Fees and expenses will be paid back to LPs before the group collects its share of carry, however pending bank regulations prevented Credit Suisse from putting more 'skin in the game'.

Credit Suisse revealed on Wednesday it had secured $2.9 billion in commitments for its fifth secondary vehicle, which offered investors a range of favourable terms and conditions amid a difficult fundraising market. 

Strategic Partners employed a “European-style” waterfall distribution scheme in Fund IV, in which the GP can only collect carried interest after LPs are paid back committed capital plus an eight percent preferred return. 

For Fund V, the team enhanced the distribution scheme to include not only all committed capital, but all fees and fund expenses as well that must be returned to LPs, plus the eight percent preferred return, before the GP starts to collect carried interest. 
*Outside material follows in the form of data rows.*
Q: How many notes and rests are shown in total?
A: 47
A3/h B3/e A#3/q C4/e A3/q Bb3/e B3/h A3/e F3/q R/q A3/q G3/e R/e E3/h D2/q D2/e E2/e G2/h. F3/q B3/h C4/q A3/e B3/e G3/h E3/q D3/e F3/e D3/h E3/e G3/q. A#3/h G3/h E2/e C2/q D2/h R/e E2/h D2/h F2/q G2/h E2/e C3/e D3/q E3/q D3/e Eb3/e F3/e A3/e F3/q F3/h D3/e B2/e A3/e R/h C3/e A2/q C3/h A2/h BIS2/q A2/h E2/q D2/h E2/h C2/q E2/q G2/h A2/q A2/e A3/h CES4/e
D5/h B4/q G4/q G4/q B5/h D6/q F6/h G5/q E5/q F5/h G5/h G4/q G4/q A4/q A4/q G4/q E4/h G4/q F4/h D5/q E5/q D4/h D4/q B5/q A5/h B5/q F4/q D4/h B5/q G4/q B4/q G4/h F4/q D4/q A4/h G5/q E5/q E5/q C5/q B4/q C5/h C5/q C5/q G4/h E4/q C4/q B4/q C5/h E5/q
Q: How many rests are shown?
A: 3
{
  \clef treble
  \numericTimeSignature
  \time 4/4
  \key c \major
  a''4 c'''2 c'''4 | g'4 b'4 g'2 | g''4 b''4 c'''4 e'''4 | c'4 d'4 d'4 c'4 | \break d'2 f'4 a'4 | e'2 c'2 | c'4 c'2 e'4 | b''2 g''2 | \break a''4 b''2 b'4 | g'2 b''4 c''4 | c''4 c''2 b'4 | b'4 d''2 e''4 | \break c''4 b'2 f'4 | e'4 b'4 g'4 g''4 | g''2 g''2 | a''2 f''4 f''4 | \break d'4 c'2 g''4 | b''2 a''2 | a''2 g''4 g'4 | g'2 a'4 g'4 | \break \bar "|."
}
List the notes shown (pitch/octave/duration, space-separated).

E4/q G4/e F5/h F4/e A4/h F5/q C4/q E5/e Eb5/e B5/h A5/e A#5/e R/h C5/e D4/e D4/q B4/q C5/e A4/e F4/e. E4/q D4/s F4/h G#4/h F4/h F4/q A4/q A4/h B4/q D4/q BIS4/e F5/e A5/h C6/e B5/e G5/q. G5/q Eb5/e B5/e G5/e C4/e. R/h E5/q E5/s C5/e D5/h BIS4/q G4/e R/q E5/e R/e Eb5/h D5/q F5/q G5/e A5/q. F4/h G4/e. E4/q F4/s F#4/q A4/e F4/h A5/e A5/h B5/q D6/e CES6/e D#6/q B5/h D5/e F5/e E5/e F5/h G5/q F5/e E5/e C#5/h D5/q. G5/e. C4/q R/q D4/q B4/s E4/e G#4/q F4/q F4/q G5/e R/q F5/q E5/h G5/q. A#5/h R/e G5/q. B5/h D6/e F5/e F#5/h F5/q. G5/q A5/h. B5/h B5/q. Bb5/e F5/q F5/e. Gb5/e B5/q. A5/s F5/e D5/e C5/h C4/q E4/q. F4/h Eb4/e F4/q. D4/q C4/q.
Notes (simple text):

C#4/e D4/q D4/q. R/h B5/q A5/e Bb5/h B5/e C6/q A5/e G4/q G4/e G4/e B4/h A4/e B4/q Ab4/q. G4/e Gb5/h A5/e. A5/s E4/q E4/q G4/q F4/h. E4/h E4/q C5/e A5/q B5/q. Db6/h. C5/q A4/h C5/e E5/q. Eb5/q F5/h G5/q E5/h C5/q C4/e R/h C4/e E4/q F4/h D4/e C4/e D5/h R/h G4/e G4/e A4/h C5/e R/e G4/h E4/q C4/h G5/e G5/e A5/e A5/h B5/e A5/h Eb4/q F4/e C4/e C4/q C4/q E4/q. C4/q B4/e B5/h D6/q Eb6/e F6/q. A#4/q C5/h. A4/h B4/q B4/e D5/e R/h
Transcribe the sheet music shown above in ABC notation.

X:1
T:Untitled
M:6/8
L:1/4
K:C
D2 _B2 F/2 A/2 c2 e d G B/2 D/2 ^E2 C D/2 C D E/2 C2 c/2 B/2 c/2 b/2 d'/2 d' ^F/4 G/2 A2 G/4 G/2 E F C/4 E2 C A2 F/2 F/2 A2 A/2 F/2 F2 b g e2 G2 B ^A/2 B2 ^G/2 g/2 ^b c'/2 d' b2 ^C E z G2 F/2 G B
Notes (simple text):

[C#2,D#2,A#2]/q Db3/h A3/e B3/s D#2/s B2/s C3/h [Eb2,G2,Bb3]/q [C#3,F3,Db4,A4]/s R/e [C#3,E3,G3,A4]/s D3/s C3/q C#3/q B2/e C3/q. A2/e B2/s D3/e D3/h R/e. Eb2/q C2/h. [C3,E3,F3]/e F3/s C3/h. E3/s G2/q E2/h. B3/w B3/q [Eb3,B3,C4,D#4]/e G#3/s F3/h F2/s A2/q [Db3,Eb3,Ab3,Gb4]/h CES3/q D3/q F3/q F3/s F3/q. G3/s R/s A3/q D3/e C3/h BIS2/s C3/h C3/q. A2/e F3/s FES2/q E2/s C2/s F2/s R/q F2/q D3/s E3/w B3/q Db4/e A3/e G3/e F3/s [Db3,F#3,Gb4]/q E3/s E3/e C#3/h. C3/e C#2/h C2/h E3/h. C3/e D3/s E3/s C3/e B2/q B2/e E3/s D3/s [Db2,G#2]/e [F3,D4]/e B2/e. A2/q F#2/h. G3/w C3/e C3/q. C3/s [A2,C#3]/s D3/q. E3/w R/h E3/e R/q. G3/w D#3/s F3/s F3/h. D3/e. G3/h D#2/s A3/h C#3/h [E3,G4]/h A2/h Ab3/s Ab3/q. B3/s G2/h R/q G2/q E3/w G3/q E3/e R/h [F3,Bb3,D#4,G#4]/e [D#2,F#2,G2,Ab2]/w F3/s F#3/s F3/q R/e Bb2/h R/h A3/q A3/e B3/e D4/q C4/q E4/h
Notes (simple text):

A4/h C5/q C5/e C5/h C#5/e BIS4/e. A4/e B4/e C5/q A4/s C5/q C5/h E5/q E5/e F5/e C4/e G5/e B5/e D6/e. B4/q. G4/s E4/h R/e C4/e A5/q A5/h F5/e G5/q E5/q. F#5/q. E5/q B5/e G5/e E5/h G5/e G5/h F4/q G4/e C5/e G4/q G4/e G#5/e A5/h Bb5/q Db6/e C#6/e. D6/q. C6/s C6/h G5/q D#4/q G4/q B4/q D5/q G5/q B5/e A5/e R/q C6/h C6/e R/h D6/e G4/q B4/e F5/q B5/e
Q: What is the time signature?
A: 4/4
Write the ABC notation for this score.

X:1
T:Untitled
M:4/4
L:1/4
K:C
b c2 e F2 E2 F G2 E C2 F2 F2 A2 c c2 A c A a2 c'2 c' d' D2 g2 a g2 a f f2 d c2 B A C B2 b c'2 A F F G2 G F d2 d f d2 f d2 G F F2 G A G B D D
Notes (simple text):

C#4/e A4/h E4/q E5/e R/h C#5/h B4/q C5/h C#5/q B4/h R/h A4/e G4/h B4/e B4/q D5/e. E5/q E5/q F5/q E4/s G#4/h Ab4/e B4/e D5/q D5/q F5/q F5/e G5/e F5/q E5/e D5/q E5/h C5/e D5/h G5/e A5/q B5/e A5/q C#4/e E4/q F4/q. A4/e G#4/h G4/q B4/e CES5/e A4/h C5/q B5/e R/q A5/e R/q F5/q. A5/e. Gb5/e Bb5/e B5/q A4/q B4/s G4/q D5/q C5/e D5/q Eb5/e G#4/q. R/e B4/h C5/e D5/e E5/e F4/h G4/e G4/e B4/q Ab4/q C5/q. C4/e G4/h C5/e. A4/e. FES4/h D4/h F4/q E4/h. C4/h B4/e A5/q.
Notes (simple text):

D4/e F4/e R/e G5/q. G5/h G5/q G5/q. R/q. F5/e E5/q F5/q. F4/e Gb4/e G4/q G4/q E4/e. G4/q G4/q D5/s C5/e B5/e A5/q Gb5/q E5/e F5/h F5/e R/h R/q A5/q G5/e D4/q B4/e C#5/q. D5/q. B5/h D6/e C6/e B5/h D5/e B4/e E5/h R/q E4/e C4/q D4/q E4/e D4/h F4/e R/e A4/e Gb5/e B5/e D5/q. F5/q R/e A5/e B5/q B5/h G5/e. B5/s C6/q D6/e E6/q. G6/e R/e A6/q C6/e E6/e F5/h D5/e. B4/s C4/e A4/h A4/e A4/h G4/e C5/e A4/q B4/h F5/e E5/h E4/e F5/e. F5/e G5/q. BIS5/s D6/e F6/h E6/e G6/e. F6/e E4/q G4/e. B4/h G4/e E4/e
“That’s as full as you can get and we just pushed everything over to that side and made sure LPs got as friendly as terms in that regard as they can imagine,” said in an interview Stephen Can, global head of the bank’s Strategic Partners group. “We read the [Institutional Limited Partners Association] document and we had some early discussions with our LPs and we just made a decision early-on that they’re our partners, the community wants this and we’ll do it.”

Fundraising took about a year, Can said, and the fund is about 10 percent bigger than the fourth fund, which closed on about $2.5 billion in 2009. The Strategic Partners team was assisted in fundraising by an internal marketing group that works on Credit Suisse specific funds, which is separate from the bank’s third party placement agency, which raises external funds.

Credit Suisse and the Strategic Partners team contributed about 3 percent of commitments to the fund, which was lower than the historic 5 percent contribution because of the Dodd-Frank financial reform rules. Under Dodd-Frank, the so-called Volcker rule restricts financial institutions from investing more than 3 percent of its Tier 1 capital in private equity.